At that point, Chester police officers arrived and chased the pick-up truck. Id. Jacobs also
called his aunt, who dispatched Chester police officers to the scene. Id. One of the responding
Chester officers was Captain Fell, who arrived at the scene and interviewed Palmer. Id. ¶ 20.
Approximately two days later, Delaware County Detective Worrilow interviewed Plaintiff
Jacobs at his home. Id. ¶ 21. Shortly thereafter, Chester Police Commissioner Bail was informed
of the incident by Captain Fell and Detective Worrilow.
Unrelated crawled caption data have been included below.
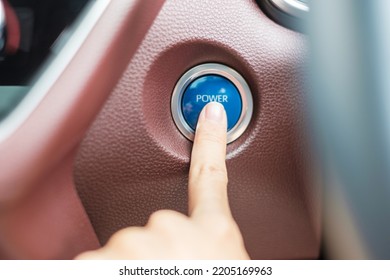 Finger Press A Car Ignition Button Or START Engine Inside Modern Electric Automobile. Keyless, Change, Strategy, Vision, Innovation And Future Concept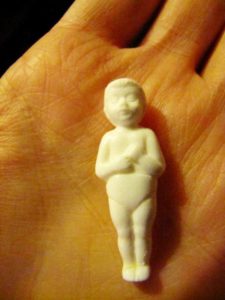 In Mexico, dolls like this tiny image of Baby Jesus are baked inside the Rosca de Reyes, served on Epiphany. Whoever gets the image in his or her serving of bread becomes the doll's godparent and must host a party for all those sharing the rosca on the Dia de la Candelaria, or Candlemas. © Tara Lowry, 2014
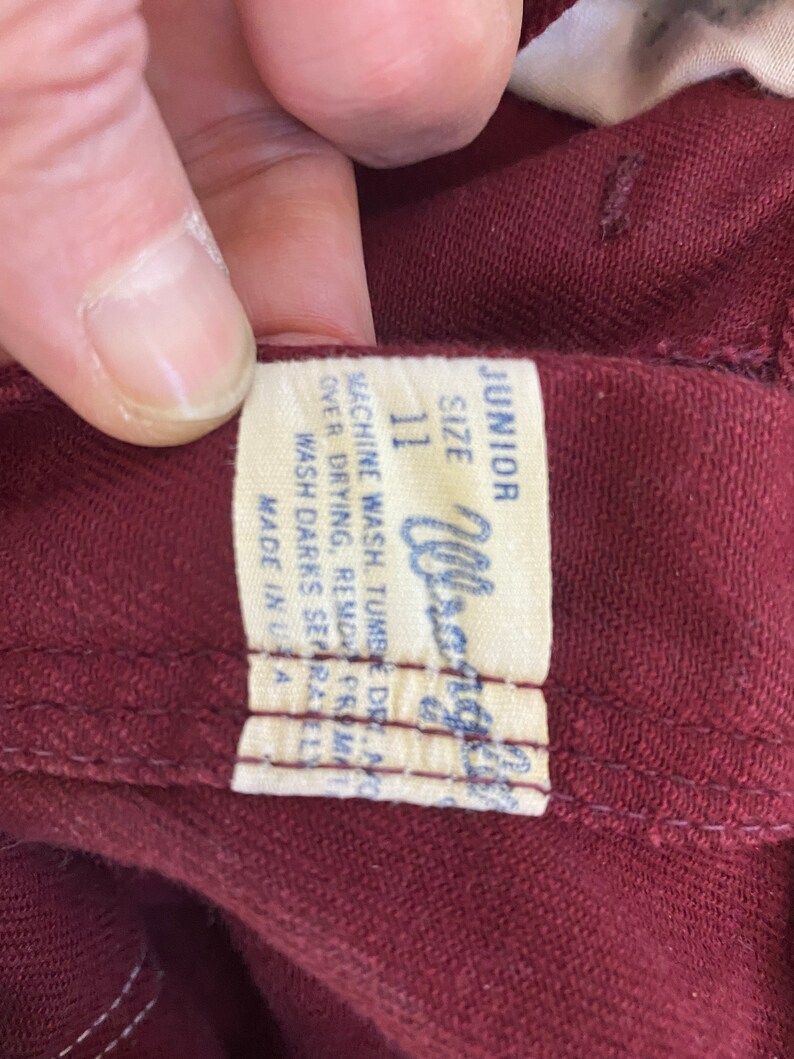 Może przedstawiać: Zbliżenie bordowego ubrania z białą metką. Na metce widnieje napis "JUNIOR SIZE 11 Wrangler" oraz instrukcje prania. Ubranie jest wyprodukowane w USA.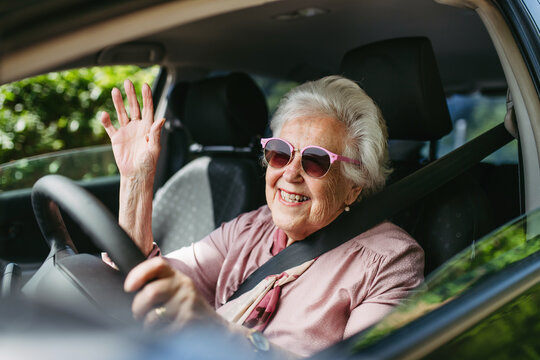 Happy senior woman driving car alone, enjoying car ride. Safe driving for elderly adults, older driver safety.
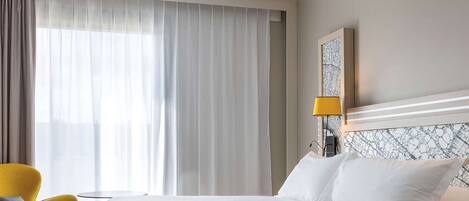 Een hotelkamer met een groot bed, een gele fauteuil, een bijzettafeltje en een raam met dunne gordijnen.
Id. ¶ 22.
III.
Procedural History
Plaintiffs filed a five-count complaint on October 10, 2014. Compl. (ECF 1). The first
count alleges that Palmer and his unidentified partner violated 42 U.S.C. § 1983 by using
excessive force and falsely detaining Plaintiffs. Id. ¶¶ 23-27. The second count is a Monell claim
against the County of Delaware, alleging that the County violated section 1983 and caused
Plaintiffs’ civil rights to be violated by failing to properly train, discipline, and supervise Palmer
and his unidentified partner. Id. ¶¶ 28-31. The third count alleges that Palmer and his
unidentified partner committed assault and battery. Id. ¶¶ 32-33. The fourth count alleges that
Palmer and his unidentified partner intentionally inflicted emotional distress. Id. ¶¶ 34-32 [sic]. 1
Finally, the fifth count alleges that Palmer, his unidentified partner, Worrilow, Fell, and Bail
1
The paragraphs in Count Four are misnumbered as paragraphs 34 and 32, such that the
complaint has two paragraphs labeled “32” (in Counts Three and Four), two paragraphs labeled
“33” (in Counts Three and Five) and two paragraphs labeled “34” (in Counts Four and Five).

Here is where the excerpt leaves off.